Silenzio tedesco, mutismo europeo

Buongiorno,

c'è una cosa che, pur essendo una conferma di cose già note e forse scontate, mi ha colpito molto (e molto negativamente) della questione relativa alla sicurezza di fronte al terrorismo integralista, ed è la totale assenza di una comune voce europea persino su un argomento così cruciale.

L'appello di Hollande ai partner europei per avere il loro appoggio contro l'Isis mi pare abbia ottenuto una adesione unanime me sostanzialmente di facciata, il cui apice sembra essersi concretizzato nell'accordare anche quest'anno ai transalpini lo sforamento (già conseguito precedentemente agli attentati di Parigi) dei parametri di bilancio in sede europea: poco più dell'ampia adesione alla marcia che aveva fatto seguito al massacro di Charlie Hebdò.

La mia impressione è che questo sia il risultato di un'Europa ormai autoconfinatasi ad essere una realtà meramente economica (e non politica nè militare) e che ha ormai accettato in questo campo il ruolo egemone tedesco.
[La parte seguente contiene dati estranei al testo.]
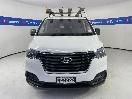 Thumbnail '2' of Hyundai Iload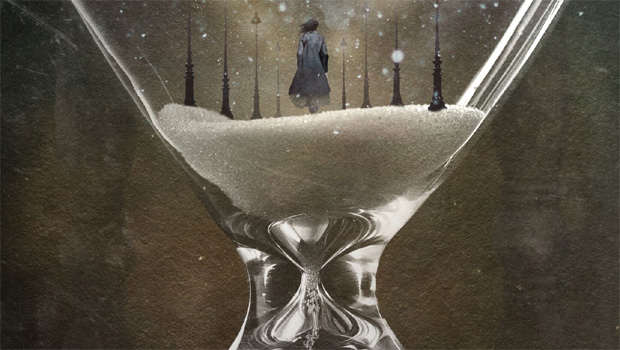 Royal Opera House 2017/18: La Boheme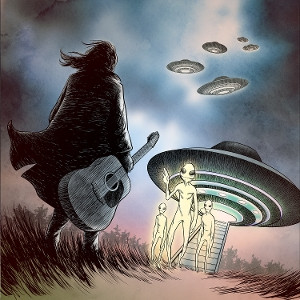 Archaeological Dig - Volume 1 (Green Vinyl)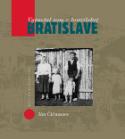Kniha: Vyrastal som v brazílskej Bratislave - Ján Čičmanec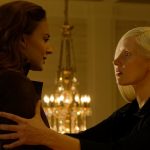 X-Men: Dark Phoenix – Zwei neue deutsche Trailer zur Comicverfilmung X Men Dark Phoenix Trailer deutsch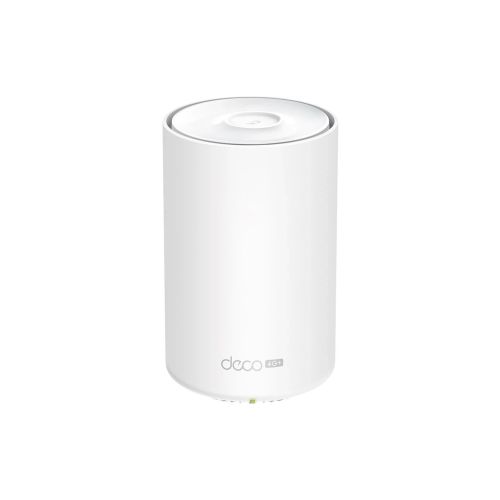Точка доступа Wi-Fi TP-Link DECO-X10-4G-1-PACK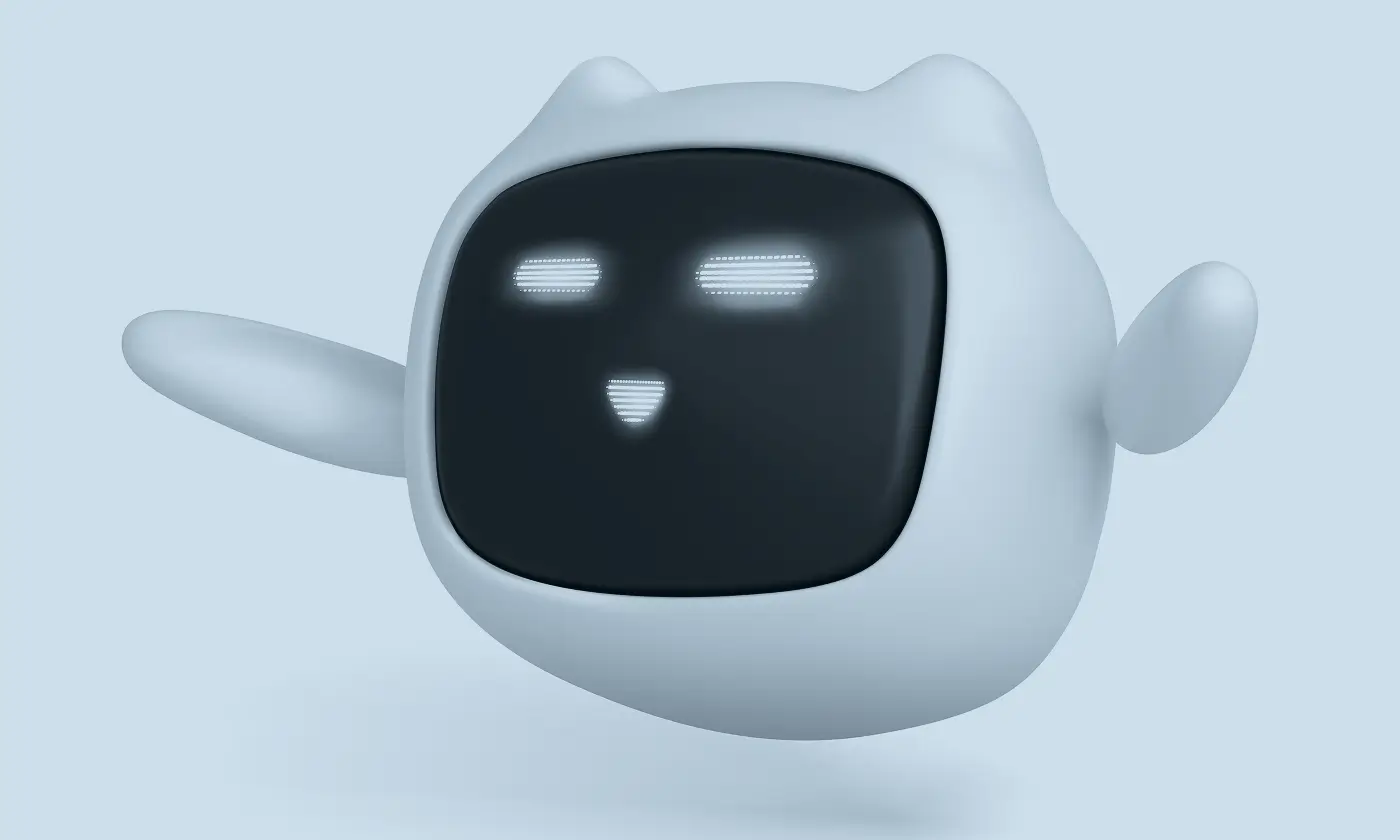 Обновления с сентябрь по ноябрь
Nel momento in cui si trattano problemi di un certo impatto in materia economica abbiamo infatti la certezza che la Germania farà sentire il suo peso e l'intero continente si adeguerà (con un riflesso che ormai ha un che di pavloviano), magari anche a costo di sacrificare democrazia e welfare o di stravolgere le politiche relative all'immigrazione.

Il fatto è che, apparentemente, la Germania sembra rifiutare un ruolo di guida al di fuori degli ambiti economici o di quegli aspetti che ritiene non la riguardino direttamente, in particolare in materia militare.
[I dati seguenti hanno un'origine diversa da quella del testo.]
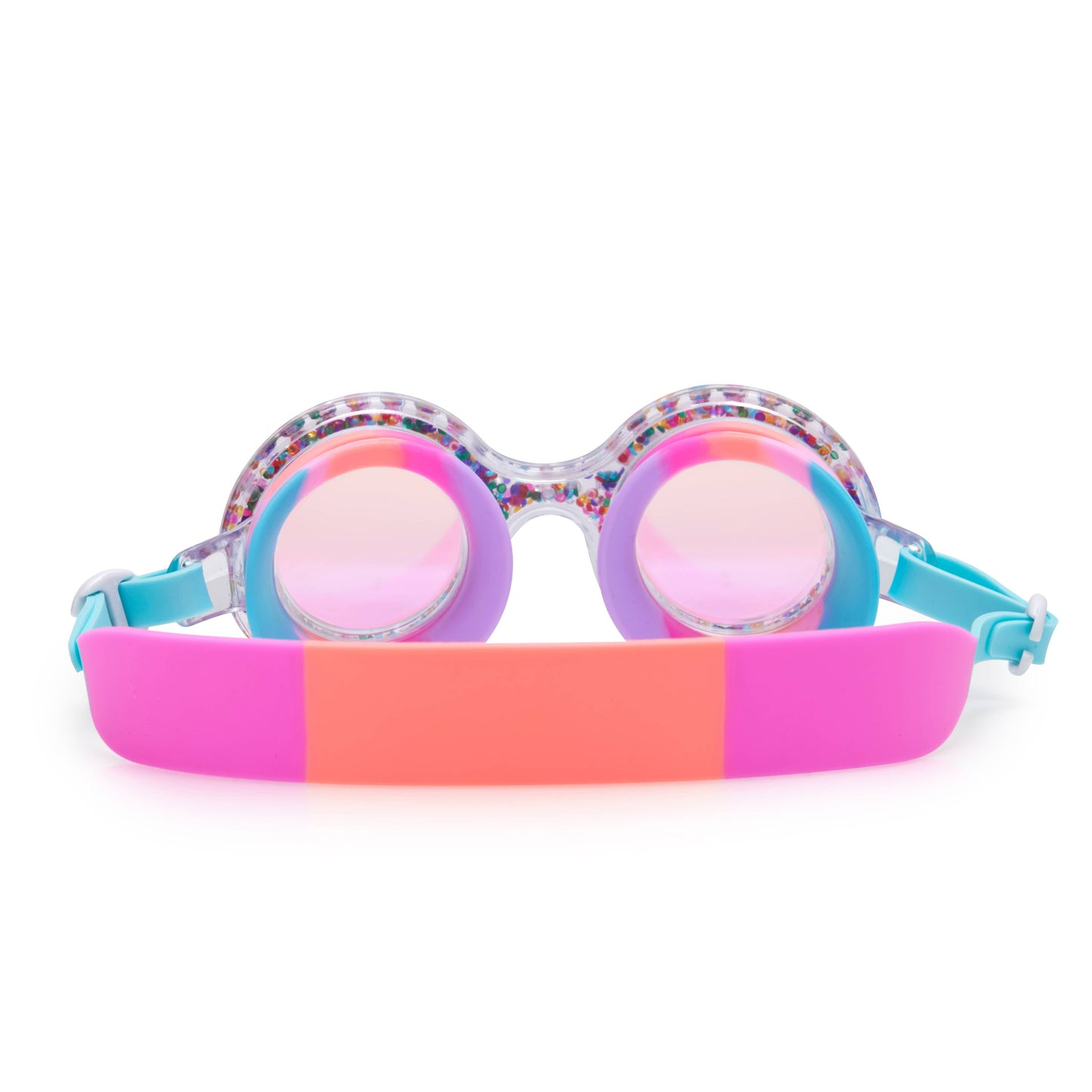 Bling2o - Dazzle Swim Goggles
E poichè la natura dell'immigrazione che l'ha interessata nei decenni scorsi e, credo, le politiche di integrazione portate avanti l'hanno sinora preservata da significativi fenomeni terroristici di matrice integralista e probabilmente l'hanno convinta di poterne essere esente anche in futuro, il riferimento tedesco per i problemi che si stanno affrontando in questi giorni non c'è.

E l'Europa, abituata a farsi condurre dalla Germania, si ritrova ad essere priva di quello che ha imparato a considerare il proprio capo e, purtroppo, a non saperne proporre uno di alternativo, vuoi per l'impossibilità della cosa in materia politica (1), vuoi per la scarsa autorevolezza di alcuni potenziali candidati in campo militare (2).

E questo ci pone in una condizione di grande debolezza.

Ciao

Paolo

(1) il progressivo ampiamento dei confini dell'EU ha comportato l'inclusione di Stati che hanno impostazioni, visioni e disegni politici molto diversi tra loro. Individuare una linea politica comune tra 27 Stati è diventato enormemente più complesso di quanto sarebbe stato farlo vent'anni fa, quando la cosa riguardava un numero di stati molto inferiore.

(2) Sul piano militare immagino che Francia ed Inghilterra potrebbero ambire al ruolo di leader europeo per tradizione e peso dei loro dispositivi. Ma l'Inghilterra non mi pare continui a non aver intenzione di integrarsi in Europa e scegliere come leader della coalizione lo Stato che in questo momento è la prima vittima (e pesantemente esposto, se non almeno in parte responsabile, sugli scenari attualmente più critici per il continente) sarebbe poco opportuno.